Discípulo de Keil do Amaral e companheiro de atelier durante décadas de Artur Pires Martins – referências de primeiro plano em termos de talento, ética profissional e estudo consciencioso dos projectos – Palma de Melo tem sabido conjugar tudo isso com notável constância. Atento às questões formais sem as quais não há arquitectura, acredito que nunca deixa de se preocupar com os utentes, com aqueles que irão utilizar os espaços que lhe vai cabendo conceber e construir – enfim, com as pessoas. Atento por isso às especificações de cada programa, aquilo a que a nossa geração chamava exigências funcionais e que hoje estão um tanto fora de moda a favor de uma por vezes obsessiva procura de formas.

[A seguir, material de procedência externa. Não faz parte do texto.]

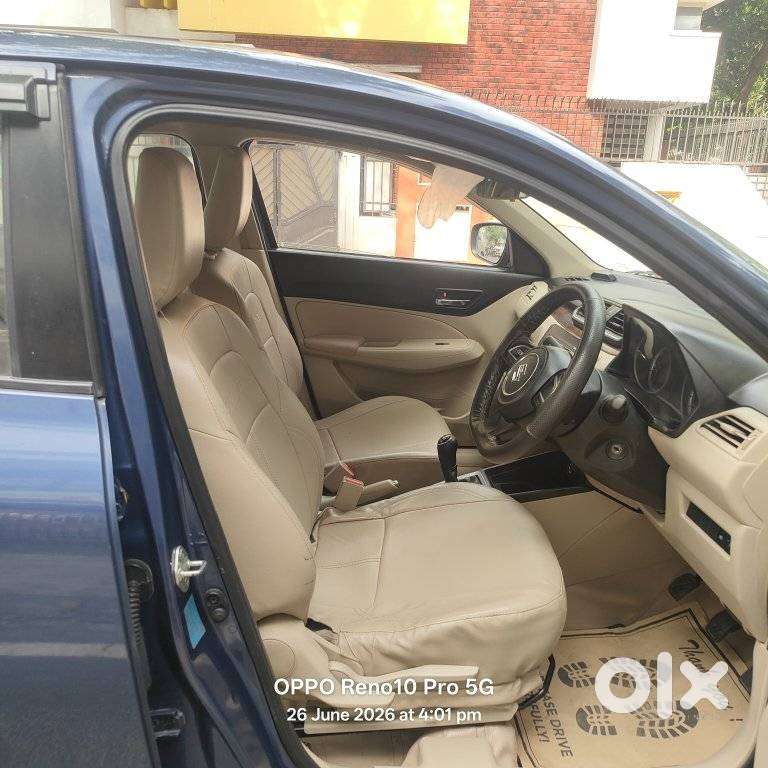 Maruti Suzuki Dzire 1.2 Vxi, 2018, Petrol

É neste quadro que encontra lugar o importante papel de Palma de Melo na introdução em Portugal de normas tendentes à universalidade de direitos de mobilidade no espaço construído. Ao longo dos anos, este arquitecto, quer através de propostas regulamentares, quer por uma acção persistente de sensibilização dos colegas, não deixou de lutar para que aquele objectivo fosse conseguido. E se razões familiares poderão ter sido o impulso inicial desta acção, atrevo-me a a dizer que a alimentá-la constantemente tem estado o seu “espírito casapiano”. Afinal, ainda o mesmo interesse pelas pessoas e pelos direitos de todos.
Se a isto faço referência é porque, não só a homenagem que se presta a Palma de Melo tem por quadro o seu interessante trabalho para o Centro de Apoio Comunitário – e por isso vem a propósito – mas também porque tive ocasião de encontrar pela vida fora alguns outros casapianos de que recebi lições de comportamento e camaradagem que a memória não deixa apagar.
PEREIRA, Nuno Teotónio. “Palma de Melo: um testemunho”. Original impresso, out. 2000, 2 p.
Por ocasião da exposição sobre o arquitecto Cândido Palma de Melo
CÂNDIDO PALMA TEIXEIRA DE MELO (1922-2003). Arquiteto.